I shook my head, forgetting the dark for a moment.

"In that case, I'll give you a kiss for your trip. And a truth for your love." She kissed me again, longer than I'd ever been kissed before. It was not deep, like a movie kiss, but it was passionate. It was a kiss that told me she knew who I was, really. Finally, she pulled away, or I did as I sank back into the pillow in the paralysis of complete relaxation. She put her cheek against mine and whispered, "The truth:" Then she spoke so softly I heard heronly inside my head, and even the other four paused in their leechcraft, as if straining to hear. What she said... In the pitch black, I saw.

She drew away slowly and sat back on my stomach. I heard her say something I couldn't understand to the others, then she turned herself around and settled over my face. It felt natural, like we fit together that way, like I was the softball her glove was broken in with. I begin to kiss her how she'd shown me that very first day, the way that made her squirm, and she rubbed in a circle until both she and my lips were wet. She lay down on my stomach and gripped my thighs. Surprisingly I wasn't yet hard, but it didn't matter anyway, since she held me out of the way and bit into my inner thigh.

It hurt – for the first time it really hurt - but she crossed her calves beneath my head, muffling my cry in her flesh. Despite myself I writhed, struggled to breath and scream, to tear my leg from her burning teeth, but she and the other four were stronger than I'd ever imagined - it was like fighting silk-wrapped steel. If anything, my efforts only invigorated them - I felt fangs in my wrist, in the flesh of my thumb, the heel of my foot, my calf, my inner elbow, the balls of my toes. I was hot and sticky everywhere. Only my face was cool, trapped between Jane's thighs; only my head didn't feel like it was being used to put out matches.

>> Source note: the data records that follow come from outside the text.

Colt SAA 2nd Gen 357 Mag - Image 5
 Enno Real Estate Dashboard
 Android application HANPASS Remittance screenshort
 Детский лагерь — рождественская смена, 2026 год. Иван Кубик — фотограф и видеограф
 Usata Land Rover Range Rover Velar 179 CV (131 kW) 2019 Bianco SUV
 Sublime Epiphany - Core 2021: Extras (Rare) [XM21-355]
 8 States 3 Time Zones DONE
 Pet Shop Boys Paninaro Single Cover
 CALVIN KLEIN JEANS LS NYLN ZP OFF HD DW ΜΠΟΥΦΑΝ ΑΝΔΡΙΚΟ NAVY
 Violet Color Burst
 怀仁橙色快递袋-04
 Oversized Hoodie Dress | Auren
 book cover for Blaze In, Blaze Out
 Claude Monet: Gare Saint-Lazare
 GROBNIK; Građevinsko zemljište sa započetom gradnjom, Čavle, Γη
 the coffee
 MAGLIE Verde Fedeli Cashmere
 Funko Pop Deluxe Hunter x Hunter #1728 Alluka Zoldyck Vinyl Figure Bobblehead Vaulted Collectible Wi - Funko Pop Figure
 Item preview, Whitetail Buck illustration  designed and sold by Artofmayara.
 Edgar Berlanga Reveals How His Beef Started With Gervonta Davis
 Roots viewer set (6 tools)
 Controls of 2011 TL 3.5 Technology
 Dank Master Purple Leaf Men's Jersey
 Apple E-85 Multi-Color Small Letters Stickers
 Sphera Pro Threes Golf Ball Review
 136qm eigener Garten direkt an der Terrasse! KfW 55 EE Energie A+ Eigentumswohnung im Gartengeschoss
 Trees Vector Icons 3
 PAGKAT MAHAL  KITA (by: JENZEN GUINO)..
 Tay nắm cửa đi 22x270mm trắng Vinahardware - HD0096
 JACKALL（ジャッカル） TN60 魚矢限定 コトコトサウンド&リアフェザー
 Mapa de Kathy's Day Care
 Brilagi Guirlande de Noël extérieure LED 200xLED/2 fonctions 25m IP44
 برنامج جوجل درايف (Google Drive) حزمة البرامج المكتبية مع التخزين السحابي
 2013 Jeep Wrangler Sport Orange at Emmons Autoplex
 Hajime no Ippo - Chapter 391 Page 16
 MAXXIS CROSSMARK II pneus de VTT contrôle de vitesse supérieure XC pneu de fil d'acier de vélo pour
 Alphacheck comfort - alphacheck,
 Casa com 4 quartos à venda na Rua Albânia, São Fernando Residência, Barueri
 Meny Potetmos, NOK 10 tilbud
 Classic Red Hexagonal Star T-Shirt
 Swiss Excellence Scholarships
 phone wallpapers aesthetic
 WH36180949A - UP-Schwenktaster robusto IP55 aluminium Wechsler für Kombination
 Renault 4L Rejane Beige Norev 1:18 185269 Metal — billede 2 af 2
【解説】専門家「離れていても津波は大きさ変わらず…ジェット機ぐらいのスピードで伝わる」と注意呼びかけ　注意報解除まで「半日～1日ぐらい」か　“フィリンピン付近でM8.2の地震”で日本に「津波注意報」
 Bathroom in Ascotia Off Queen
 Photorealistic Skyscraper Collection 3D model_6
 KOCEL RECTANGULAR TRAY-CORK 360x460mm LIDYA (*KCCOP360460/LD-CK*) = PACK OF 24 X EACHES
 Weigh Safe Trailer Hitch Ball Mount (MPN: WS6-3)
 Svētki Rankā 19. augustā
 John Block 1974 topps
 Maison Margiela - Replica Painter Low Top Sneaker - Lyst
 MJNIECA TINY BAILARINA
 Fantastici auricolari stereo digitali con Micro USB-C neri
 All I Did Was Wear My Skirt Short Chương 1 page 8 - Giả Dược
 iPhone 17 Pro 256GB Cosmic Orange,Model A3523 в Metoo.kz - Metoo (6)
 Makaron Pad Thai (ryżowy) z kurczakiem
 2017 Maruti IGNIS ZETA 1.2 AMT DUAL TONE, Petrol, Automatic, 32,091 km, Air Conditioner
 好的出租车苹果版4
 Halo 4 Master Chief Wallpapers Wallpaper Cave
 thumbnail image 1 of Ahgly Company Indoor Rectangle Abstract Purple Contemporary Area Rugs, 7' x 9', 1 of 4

My struggles faded with my small reserve of strength, and so did the pain. I caught short breaths as Jane began grinding violently; she had chewed deep into what now felt like some else's leg; she was digging through the muscle with her claws, tunneling with her tongue into my veins; she was an animal in heat.

Inside my skin I felt withdrawn - shriveled like a popcorn in water - into my chest and head. I felt at once like an infant and a sage, free of the care of understanding.